In City of Butte v. Paltrovich, 30 Mont. 18, 75 P. 521, the court had before it an ordinance regulating *Page 439 the hours of doing business by pawnshops. In answer to the contention by the defendant that he was denied the equal protection of the law, the court said:
"It is only where persons engaged in the same business are subjected to different restrictions, or are granted different privileges under like conditions, that the discrimination is open to objection, or can be said to impair the equal right which all may claim under the law. Soon Hing v. Crowley, 113 U.S. 703,5 Sup. Ct. 730, 28 L.Ed. 1145; Barbier v. Connolly, 113 U.S. 27,5 Sup. Ct. 357, 28 L.Ed. 923."

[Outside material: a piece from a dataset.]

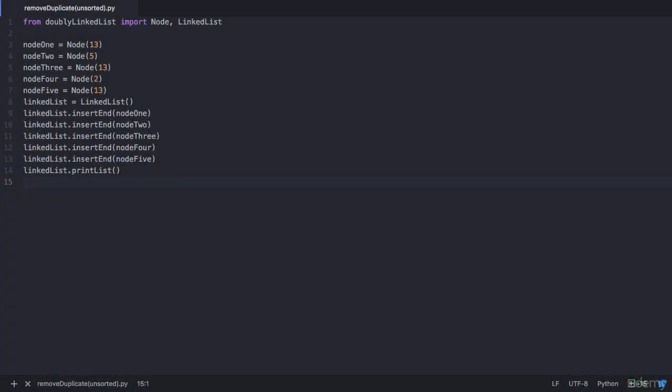Hello and welcome to this lecture. In the previous lecture you understood how to remove duplicates from an unsorted list, and in this lecture you will write a program in Python for it.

In People ex rel. Moffatt v. Zimmerman, 48 Misc. Rep. 203,95 N.Y. Supp. 136, a case relied upon by respondent, a state statute was involved which prohibited all manner of selling or offering for sale of any property on Sunday, except articles of food at any time before ten o'clock in the morning, and except also meals to be sold and eaten on the premises where sold or served elsewhere by caterers, and prepared tobacco, milk, ice and soda water in places other than where spirituous or malt liquors or wines were kept or offered for sale, and fruit, flowers, confectionery, newspapers, drugs, medicines and surgical appliances, to be sold in a quiet and orderly manner at any time of the day. It also provided that the act should not be construed to allow or permit the public sale, or exposing for sale or delivery, of uncooked flesh foods, or meats, fresh or salt, at any hour or time of the day, such as is provided in the Seattle ordinance. It was there held that the statute violated no provision of either the Federal or state constitution.
We therefore conclude, under the reasoning and construction of the authorities discussed herein, that the ordinance in question is not unreasonable, discriminatory or arbitrary, and therefore not obnoxious to the provisions of §§ 3 and 12, art. I, of our constitution.
We are also convinced that it does not contravene *Page 440 the 14th Amendment to the Federal constitution. That question was discussed in several of the cases cited in this opinion and the cases cited in those decisions, and it is generally held that such provisions are not prohibited by that amendment. See, also,Reinman v. Little Rock, supra; Hadacheck v. Sebastian,239 U.S. 394, 60 Law Ed. 348.
We conclude that the ordinance in question is valid, and not void under the provisions of either the state or Federal constitution.
The judgment is therefore affirmed.
TOLMAN, PARKER, and FRENCH, JJ., concur.